Your task:
In the records that follow, the lines from the one containing "2023 Buick Envision Preferred ST" to the one containing "Pro Football 10/2007 6", inclusive, are to be given again exactly.
=== Records shown ===
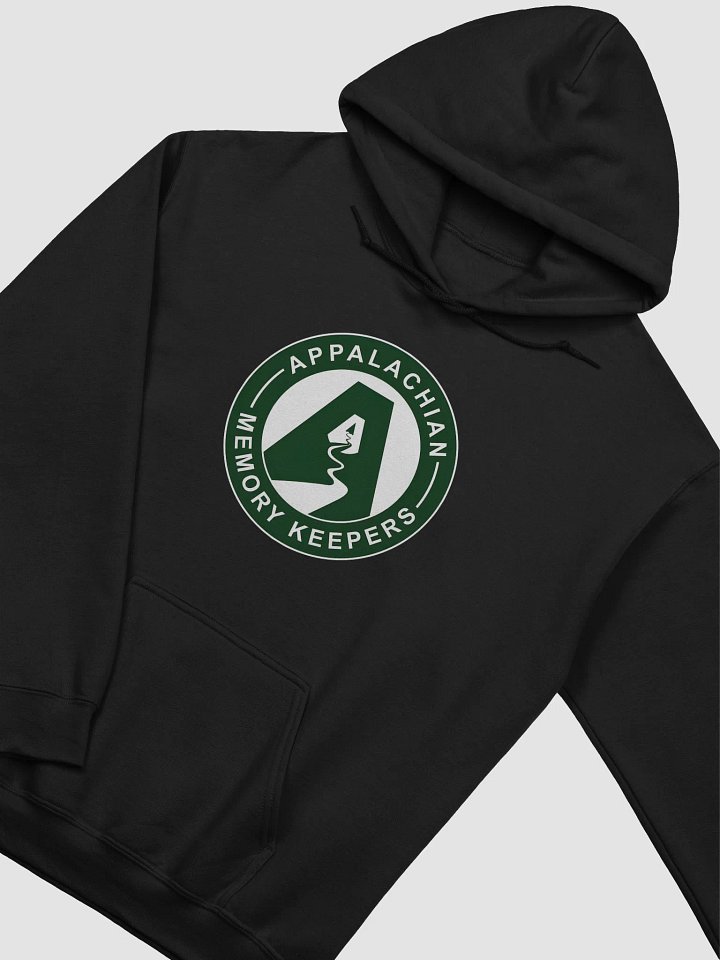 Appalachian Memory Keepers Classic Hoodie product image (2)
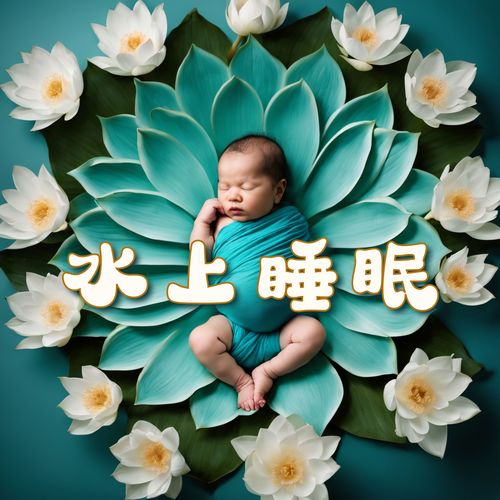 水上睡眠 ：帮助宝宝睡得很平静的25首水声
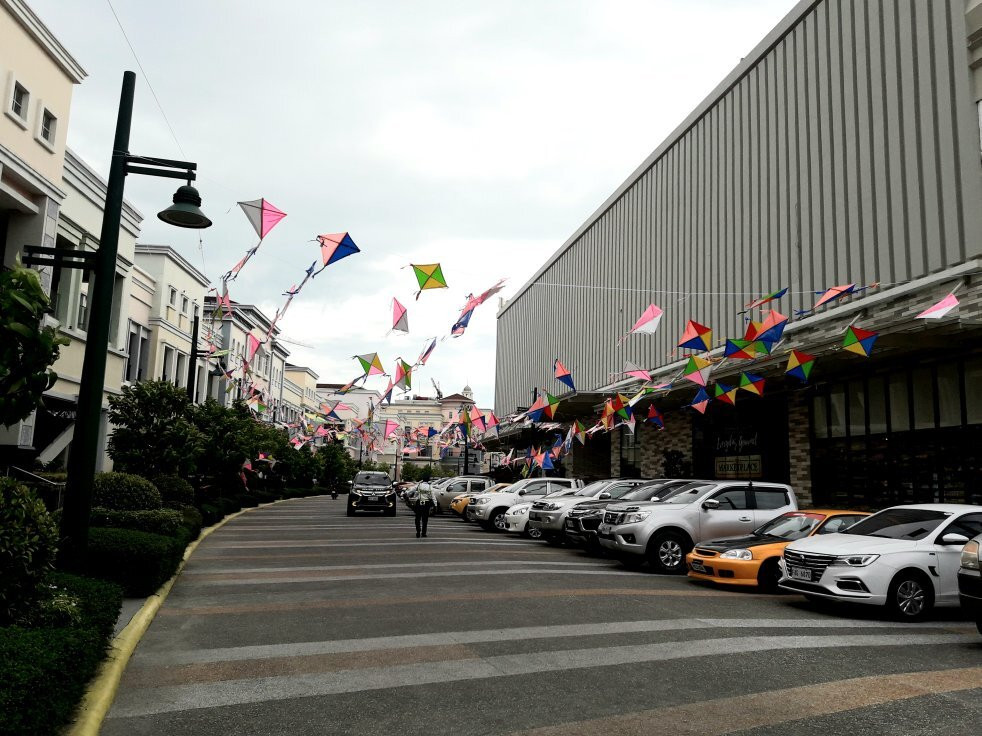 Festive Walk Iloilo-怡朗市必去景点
===
=== Records shown ===
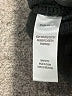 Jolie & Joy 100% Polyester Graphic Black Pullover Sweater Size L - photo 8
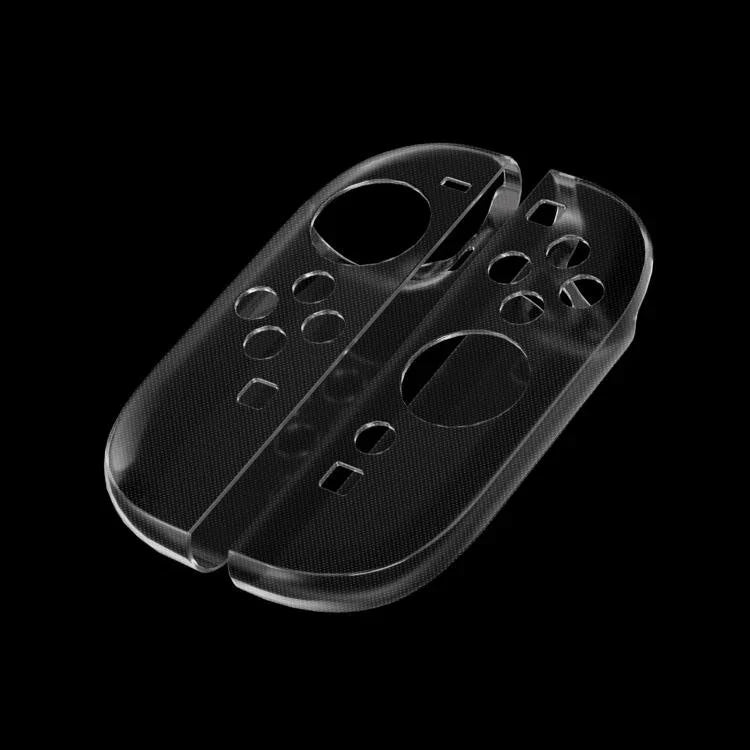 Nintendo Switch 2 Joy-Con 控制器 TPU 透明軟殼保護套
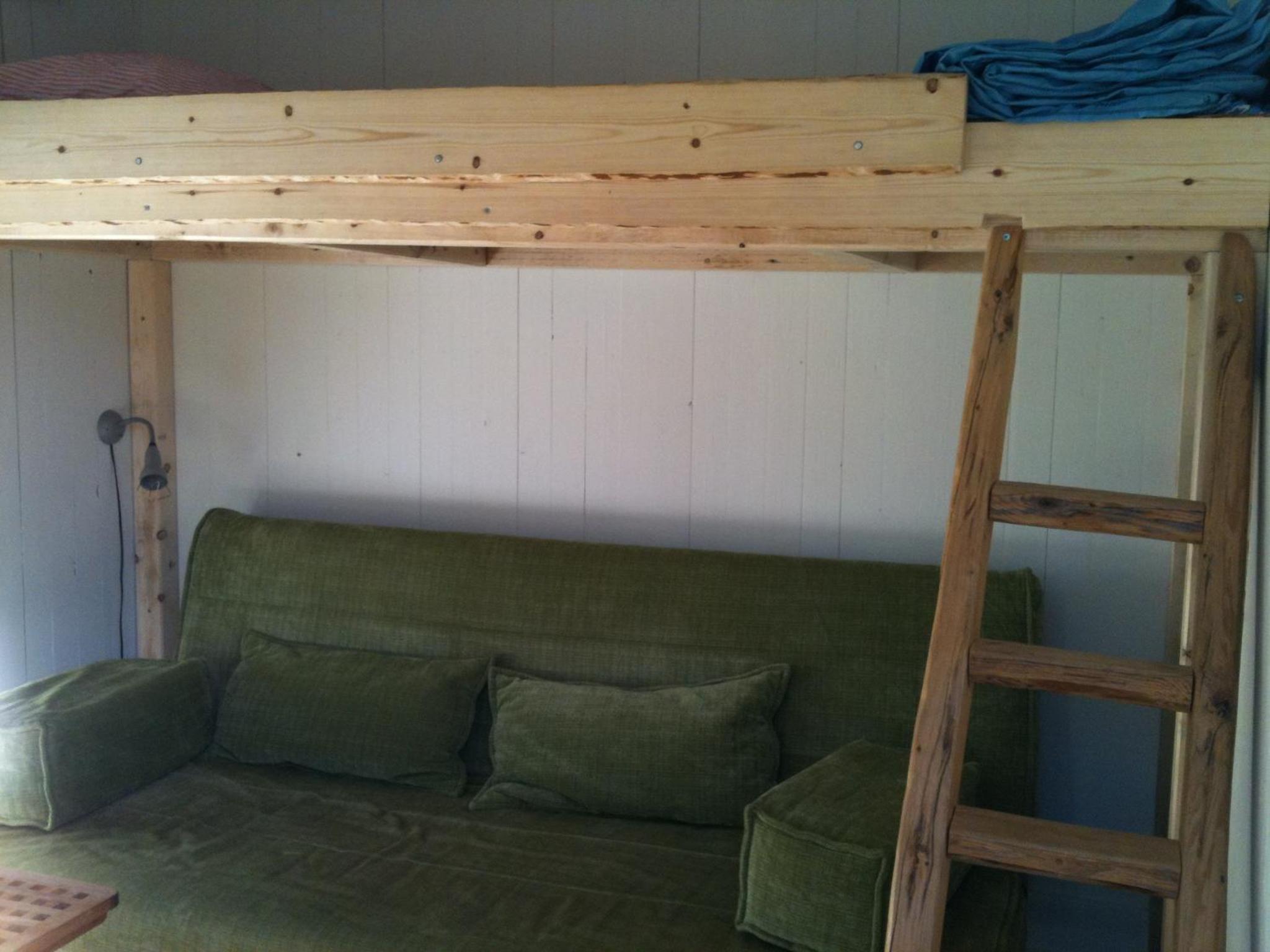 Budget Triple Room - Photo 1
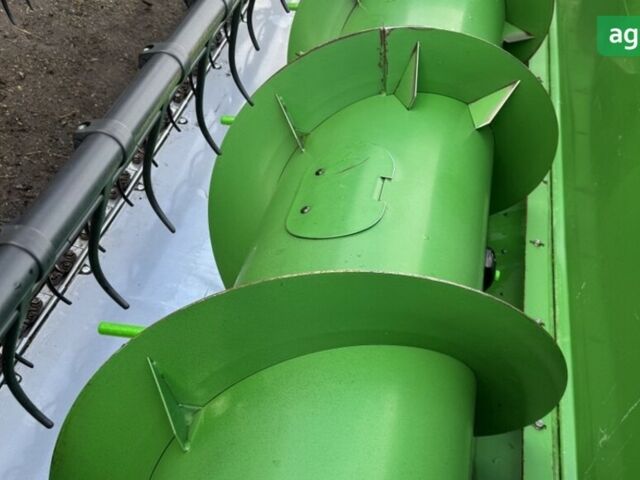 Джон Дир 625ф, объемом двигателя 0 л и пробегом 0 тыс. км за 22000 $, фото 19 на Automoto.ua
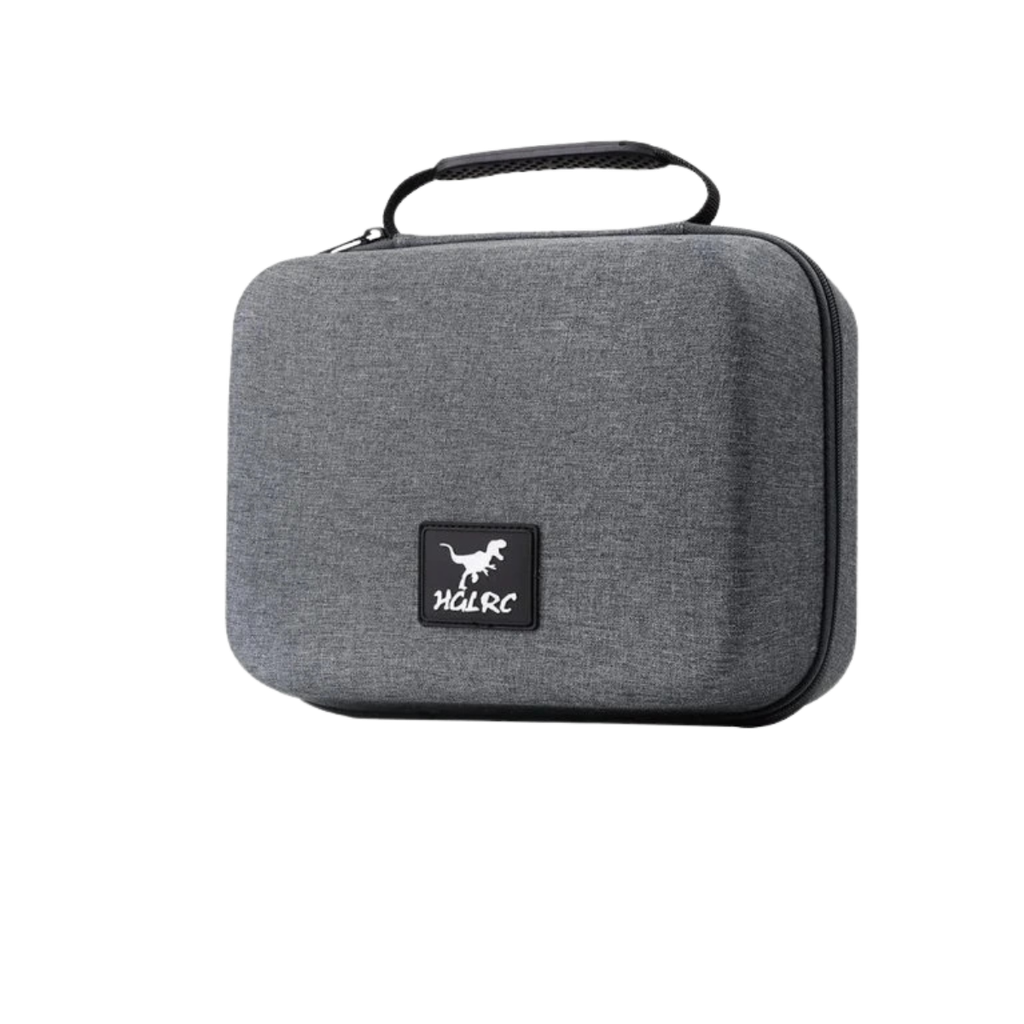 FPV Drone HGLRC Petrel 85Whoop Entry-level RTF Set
===
=== Records shown ===
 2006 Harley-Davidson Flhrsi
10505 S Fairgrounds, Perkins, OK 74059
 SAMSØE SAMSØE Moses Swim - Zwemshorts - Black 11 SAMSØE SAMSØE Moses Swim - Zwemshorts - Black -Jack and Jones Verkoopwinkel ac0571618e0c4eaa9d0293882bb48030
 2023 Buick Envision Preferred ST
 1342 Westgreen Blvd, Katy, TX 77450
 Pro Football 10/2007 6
===
Task answer:
 2023 Buick Envision Preferred ST
 1342 Westgreen Blvd, Katy, TX 77450
 Pro Football 10/2007 6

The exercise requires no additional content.